REQUIRED WORK
If a line contains "Men’s Baggy Sweatpants", it is the last one to write out; begin with the first line of the records and copy each exactly.

Web page caption snippets
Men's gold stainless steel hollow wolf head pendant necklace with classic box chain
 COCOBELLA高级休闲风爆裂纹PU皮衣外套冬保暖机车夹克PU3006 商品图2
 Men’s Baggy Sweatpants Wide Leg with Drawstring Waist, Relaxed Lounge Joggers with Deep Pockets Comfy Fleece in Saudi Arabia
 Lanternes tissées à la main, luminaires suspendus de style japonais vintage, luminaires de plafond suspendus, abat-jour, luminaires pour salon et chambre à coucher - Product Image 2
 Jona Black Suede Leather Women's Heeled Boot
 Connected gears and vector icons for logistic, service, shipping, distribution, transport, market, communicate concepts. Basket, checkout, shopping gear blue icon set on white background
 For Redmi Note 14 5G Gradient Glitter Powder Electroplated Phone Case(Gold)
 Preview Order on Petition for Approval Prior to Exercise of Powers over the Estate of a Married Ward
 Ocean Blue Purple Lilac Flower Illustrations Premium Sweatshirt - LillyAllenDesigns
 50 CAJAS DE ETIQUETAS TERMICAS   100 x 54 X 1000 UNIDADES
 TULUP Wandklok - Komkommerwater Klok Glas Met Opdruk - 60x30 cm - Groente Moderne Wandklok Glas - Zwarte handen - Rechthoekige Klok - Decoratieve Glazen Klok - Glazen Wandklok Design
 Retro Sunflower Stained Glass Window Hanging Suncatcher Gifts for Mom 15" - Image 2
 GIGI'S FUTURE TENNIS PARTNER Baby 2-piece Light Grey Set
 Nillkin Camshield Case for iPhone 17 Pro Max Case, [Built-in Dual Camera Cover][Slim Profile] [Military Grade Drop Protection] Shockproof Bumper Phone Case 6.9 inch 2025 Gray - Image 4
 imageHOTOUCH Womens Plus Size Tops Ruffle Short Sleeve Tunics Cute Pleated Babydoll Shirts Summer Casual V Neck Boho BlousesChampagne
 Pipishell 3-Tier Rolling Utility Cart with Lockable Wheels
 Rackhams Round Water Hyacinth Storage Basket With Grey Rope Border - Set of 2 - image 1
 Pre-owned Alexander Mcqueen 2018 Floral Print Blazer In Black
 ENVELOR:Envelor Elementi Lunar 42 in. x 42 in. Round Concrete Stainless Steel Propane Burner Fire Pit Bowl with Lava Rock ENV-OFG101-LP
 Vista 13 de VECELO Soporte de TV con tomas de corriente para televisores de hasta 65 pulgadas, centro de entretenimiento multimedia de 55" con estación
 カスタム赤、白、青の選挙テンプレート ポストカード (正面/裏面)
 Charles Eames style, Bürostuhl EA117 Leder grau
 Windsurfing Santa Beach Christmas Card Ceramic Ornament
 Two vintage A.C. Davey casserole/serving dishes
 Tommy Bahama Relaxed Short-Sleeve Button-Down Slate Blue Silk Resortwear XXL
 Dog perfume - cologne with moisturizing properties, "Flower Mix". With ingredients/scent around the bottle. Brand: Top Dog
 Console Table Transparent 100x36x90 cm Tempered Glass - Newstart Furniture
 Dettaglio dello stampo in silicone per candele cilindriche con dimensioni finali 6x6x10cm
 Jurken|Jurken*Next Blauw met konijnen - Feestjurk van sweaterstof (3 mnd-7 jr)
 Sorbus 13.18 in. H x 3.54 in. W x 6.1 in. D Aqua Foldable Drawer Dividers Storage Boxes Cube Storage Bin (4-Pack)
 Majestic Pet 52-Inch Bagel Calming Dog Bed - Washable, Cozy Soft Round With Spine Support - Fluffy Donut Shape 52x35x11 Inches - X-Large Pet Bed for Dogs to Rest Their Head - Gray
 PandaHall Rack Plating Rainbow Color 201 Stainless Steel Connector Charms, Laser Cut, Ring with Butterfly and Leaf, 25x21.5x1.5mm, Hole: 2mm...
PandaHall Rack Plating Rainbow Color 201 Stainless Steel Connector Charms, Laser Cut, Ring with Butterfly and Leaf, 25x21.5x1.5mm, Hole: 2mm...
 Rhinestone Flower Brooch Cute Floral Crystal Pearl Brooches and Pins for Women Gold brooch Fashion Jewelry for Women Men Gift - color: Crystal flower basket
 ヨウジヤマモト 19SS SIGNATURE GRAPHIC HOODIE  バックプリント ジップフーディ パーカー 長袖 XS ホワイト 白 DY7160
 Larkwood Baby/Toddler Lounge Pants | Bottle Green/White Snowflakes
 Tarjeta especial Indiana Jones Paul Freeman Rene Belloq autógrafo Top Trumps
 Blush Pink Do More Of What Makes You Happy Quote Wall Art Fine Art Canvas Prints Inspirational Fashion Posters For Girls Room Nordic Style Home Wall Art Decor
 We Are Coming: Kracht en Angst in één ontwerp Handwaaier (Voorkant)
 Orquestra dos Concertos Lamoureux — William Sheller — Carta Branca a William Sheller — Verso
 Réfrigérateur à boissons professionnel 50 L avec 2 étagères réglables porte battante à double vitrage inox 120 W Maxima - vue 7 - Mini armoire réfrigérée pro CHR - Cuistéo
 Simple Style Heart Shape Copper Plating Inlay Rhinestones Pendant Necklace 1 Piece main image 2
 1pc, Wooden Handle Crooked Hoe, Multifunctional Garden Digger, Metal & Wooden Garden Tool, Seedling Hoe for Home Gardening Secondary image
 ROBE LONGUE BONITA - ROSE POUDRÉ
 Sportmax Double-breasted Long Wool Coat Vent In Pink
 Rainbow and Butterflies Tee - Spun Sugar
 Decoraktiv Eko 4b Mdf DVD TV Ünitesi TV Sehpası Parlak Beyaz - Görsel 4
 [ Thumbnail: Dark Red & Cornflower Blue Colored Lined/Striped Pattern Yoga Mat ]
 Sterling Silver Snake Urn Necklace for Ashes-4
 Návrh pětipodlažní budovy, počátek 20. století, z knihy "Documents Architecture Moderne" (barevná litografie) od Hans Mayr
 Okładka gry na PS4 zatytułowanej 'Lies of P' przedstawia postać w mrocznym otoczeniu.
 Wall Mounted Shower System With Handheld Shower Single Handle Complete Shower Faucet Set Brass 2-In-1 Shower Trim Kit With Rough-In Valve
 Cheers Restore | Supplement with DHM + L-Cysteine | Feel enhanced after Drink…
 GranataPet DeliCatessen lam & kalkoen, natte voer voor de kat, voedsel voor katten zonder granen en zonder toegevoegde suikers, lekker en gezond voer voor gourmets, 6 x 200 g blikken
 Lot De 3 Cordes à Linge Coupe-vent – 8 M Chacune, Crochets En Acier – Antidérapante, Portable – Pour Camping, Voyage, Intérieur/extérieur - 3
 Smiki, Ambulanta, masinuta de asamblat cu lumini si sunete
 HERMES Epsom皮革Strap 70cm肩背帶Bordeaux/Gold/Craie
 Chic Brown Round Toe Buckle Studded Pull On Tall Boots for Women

ANSWER SECTION
Men's gold stainless steel hollow wolf head pendant necklace with classic box chain
 COCOBELLA高级休闲风爆裂纹PU皮衣外套冬保暖机车夹克PU3006 商品图2
 Men’s Baggy Sweatpants Wide Leg with Drawstring Waist, Relaxed Lounge Joggers with Deep Pockets Comfy Fleece in Saudi Arabia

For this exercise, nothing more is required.